Now there's a question that makes me happy.
Hahahha. I hear the doubting side already, but whatever, I can ignore it for the time being, for maybe my brain is just trying to trick me into thinking something that I really don't want to think like it's succeeded at so many times up until now. Man, I'm so sick of this. How come I can only feel happy, or motivated when I really start typing at this stupid blog or on the stupid notepad about my troubles?
I don't want to talk about troubles at all really, I hate talking about troubles, but apparently people love to hear other people talk about their troubles, especially if they happened in the past, that shit is hot, man! You know, that's the reason that I made this blog. It's sort of my account, the visible proof of my troubled existence that's currently happening at the time, or maybe it's just a way for me to escape into a pile of letters and numbers, well not really numbers, maybe symbols, yeah, symbols: a way for me to escape into a pile of letters and symbols certainly sounds much better. Yeah. I feel okay and perfectly motivated to continue typing. I don't know what about, but whatever, right?

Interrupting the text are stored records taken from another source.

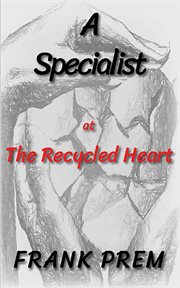 A specialist at the recycled heart cover image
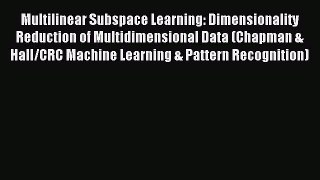 Download Multilinear Subspace Learning: Dimensionality Reduction of Multidimensional Data (Chapman
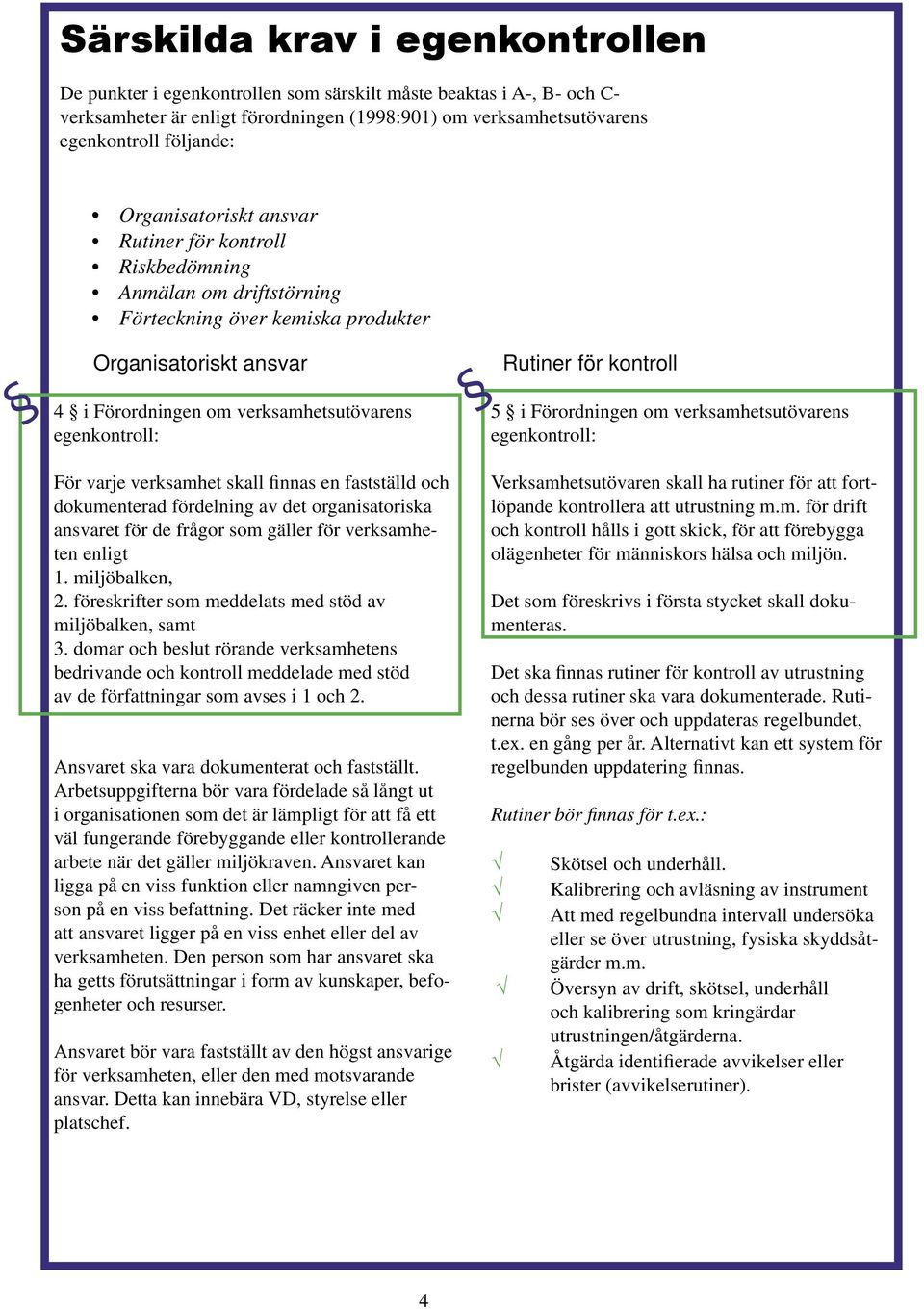 verksamhetsutövarens För varje verksamhet skall finnas en fastställd och dokumenterad fördelning av det organisatoriska ansvaret för de frågor som gäller för verksamheten enligt 1. miljöbalken, 2.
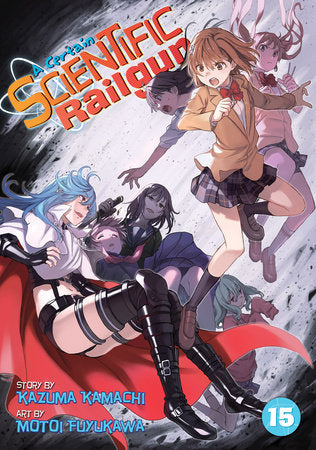 A Certain Scientific Railgun Vol. 15 Paperback by Kazuma Kamachi; Illustrated by Motoi Fuyukawa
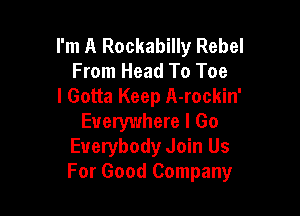 I'm A Rockabilly Rebel
From Head To Toe
I Gotta Keep A-rockin'

Everywhere I Go
Everybody Join Us
For Good Company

What's really annoying about this whole typing escapism thing is that it really is a form of escapism; I'm supposed to be doing something else right now. I'm supposed to be learning how to fucking make internet pages look cool and work well. I'm supposed to be making some fucking money so that I can live well, but the reason that I'm not doing it is that I can't seem to get my self motivated to do it (See, I was able to get back to the topic, unlike some others that I'm sure exist, coughrandompeopleinmybraincough).
Maybe, like typing this blog, I just sorta have to do it for a while until I really get into the internet programming stuff; it's worked before. But why can't it last a long time, man? I really really really really want to enjoy my work, and I know that my brain is capable of getting me there, but it, for one reason or another, doesn't want me to do it, and that sucks, big time! Come on, is there anything else I can say? I guess not.
Are you enjoying this fanciful mess of text, invisible people, who perhaps only exist within my imagination until someone real actually shows up? I hope so, 'cause I'm probably not gonna change the way. Who knows? Maybe my writing will get better as I keep doing this. Anything's possible. Maybe I'll feel better the minute I stop this blog; maybe perfect alignment of brain and will will align like a beautiful Greek painting of some sort and I'll never have to touch this blog again. I can never say with immediate accuracy what may or may not happen in the future, I can only guess in a very digitized manner that often ignores some of the most important factors, like the strength of will and all that aesthetic claptrap (oh John Cage, how awesome art thou).
Well, this is the end for now. Goodbye readers. Hope you got some form of entertainment from my hyperscribble of ravinous sketches portraying the alphabetical characters we all know and love (hey, maybe sometime soon I'll write a metaphor that actually makes sense; keep your fingers crossed)
Peace (even though I, along with a ton of the world really think the concept is boring deep within our hearts).